Green Street Studios, Cambridge, Massachusetts.
August 9, 2019.

There’s a lot in this world that feels capable of bringing us down. The weight of people’s pain out there, in addition to what we personally face, can feel overwhelming. Yet dance can lift us up — inspiring us, entertaining us, even leading us to beneficial action. Even works focusing on the hard things can offer perspective and help us to see those things in a new way. Nozama Dance Collective’s show Uplift illustrated dance’s power here. Thoughtful choreography, design, and performances left me inspired, pensive, and overall satisfied. 

The duet “Perceptual Projection”, choreographed by Juliana Wiley, was third in the program. It opened with the two dancers, Dana Alsamasam and Katie Logan, close to each other in space. They then spread out through the stage space, while white light disbanded into its colors on the backdrop. Spotlighting from the stage sides added a lovely touch to that visually striking effect. Dancers reached out with one arm but concealed their faces with the other, while facing opposite sides of the stage. It was as if they were reaching outside themselves but also self-protecting from what could be found there. 

They soon rejoined and linked arms at shoulder height, spinning like a slowed-down planetary orbit — compelling visually and energetically. They then separated and made larger orbits, but kept the same shape in their arms. They were venturing out but still maintaining something from the prior connection. Their movement was weighted, released, organic to the body and physical laws. It also varied in speed, which the electronica score (“Nn/peaks” by Kanding Ray) could accommodate well as a base. 

Also varied were the ways in which the dancers related or didn’t relate to each other — dancing different movement at the same time, or in unison, for instance. Unison movement was particularly compelling and satisfying when done facing opposite sides of the stage, like a reverse mirror echoing the beginning. I wondered, what effect might this choice have had if sprinkled more throughout the piece? It was an overall aesthetically satisfying work, with meaning having significant implications for human relations. Being adeptly portrayed in movement, this meaning at work added to what we know of the broad possibilities within contemporary dance. 

Nozama Dance Collective's 'Uplift'. Photo by Mickey West Photography.
Nozama Dance Collective’s ‘Uplift’. Photo by Mickey West Photography.

“Introspection”, choreographed by Kelly Cormier, followed that duet. The score, “Night” by Ludovico Einaudi, had a mysterious quality of notes exploring highs and lows. With a lower harmony line coming in, dancers spread out across the stage. One by one, they rose to move in their own movement vocabulary, along with that harmony line, to then fall again. Three dancers stretched their bodies long, and two other dancers moved together higher in space — a memorable and lovely moment. 

It all felt like a group of people coping with their own inner struggles separately, yet coming together at certain moments of commonality. One of these moments was in canon a lifting the torso and reaching back with one arm, to then fall back to the ground all together. Similarly, later on they all got to their feet together but gestured in different ways once they got there. Then all together, they swooped one arm up and over, describing a half circle. In all of these sections, dancers smoothly moved in an out of unison, constructing an organized but not rigid visual effect. 

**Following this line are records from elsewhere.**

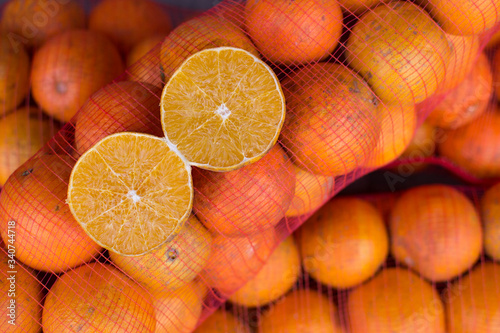 bola de red llena de naranjas dulces photo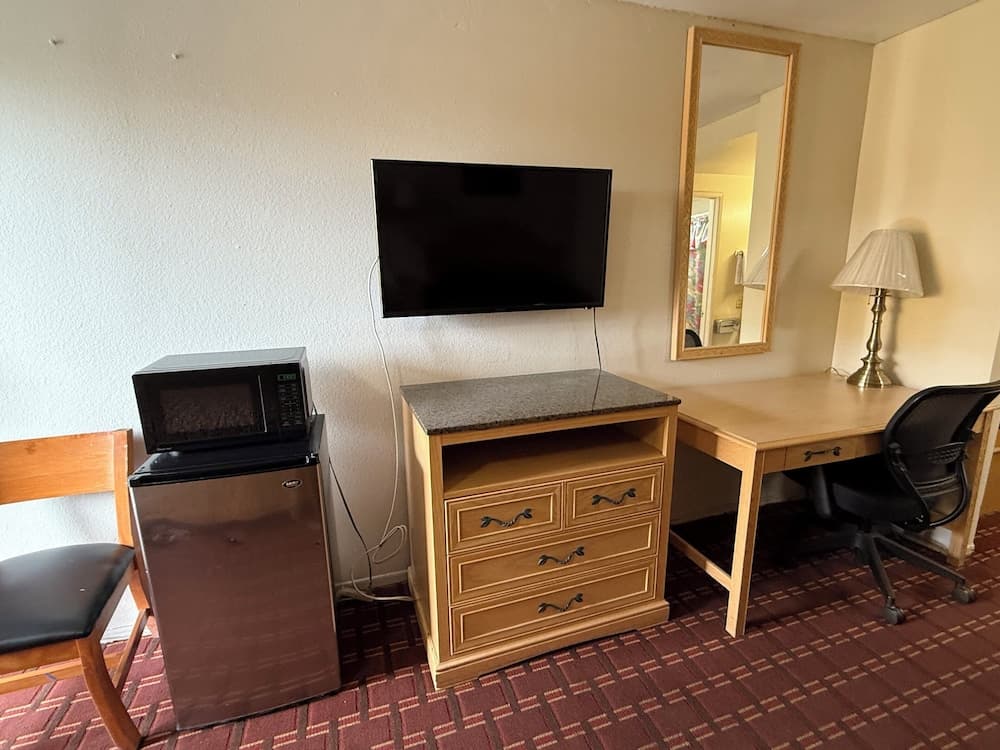 New Budget Inn gallery photo in Victorville, CA — image 5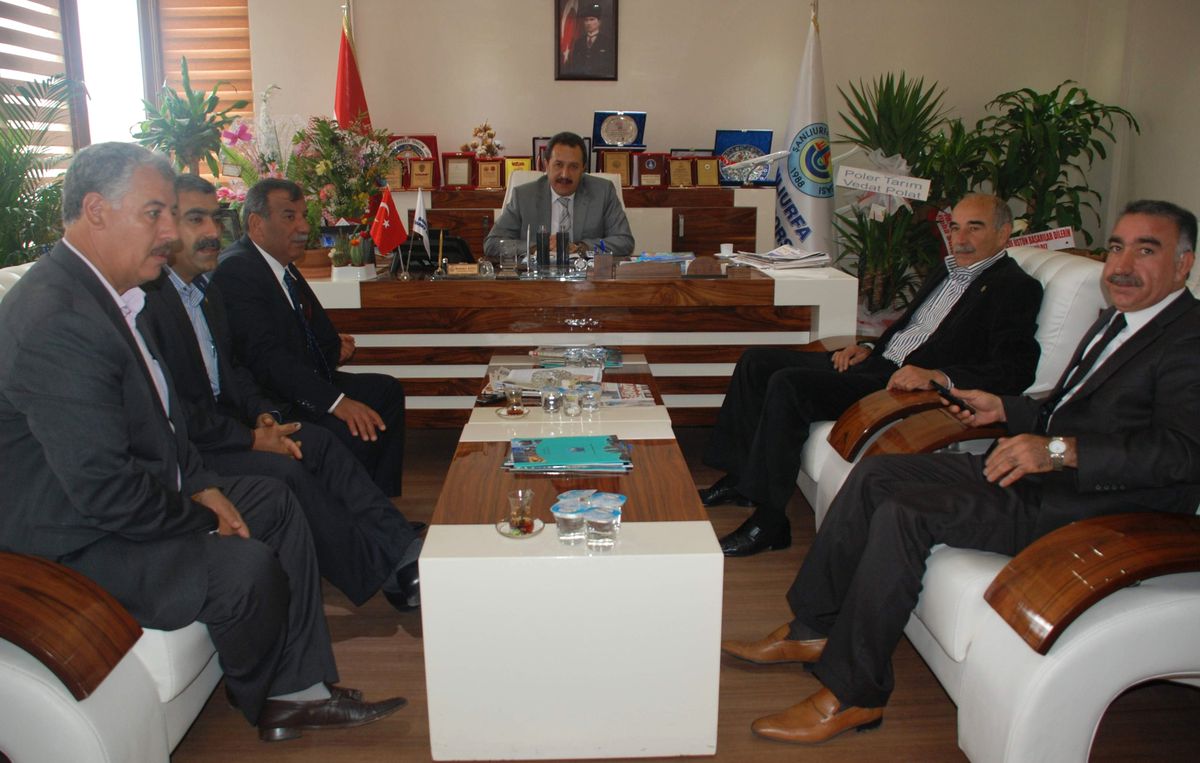 Başkan Kaya Tebrikleri Kabul Ediyor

A movement phrase within one of these sections was particularly striking — a quick arabesque back, arm forward and passe to sweep the leg back again and then fall to the ground. It all felt visually and energetically appealing to me. Overall, these unison moments illustrated what those in the group shared, even when they didn’t directly relate; even when we don’t realize it, there is so much in common amongst us humans. That feels like an important message in a divisive time in this culture. To end, the dancers slowly reached up with one arm as the lights faded down. There was a sense that they would continue to share something, but not quite connect despite that sharing. 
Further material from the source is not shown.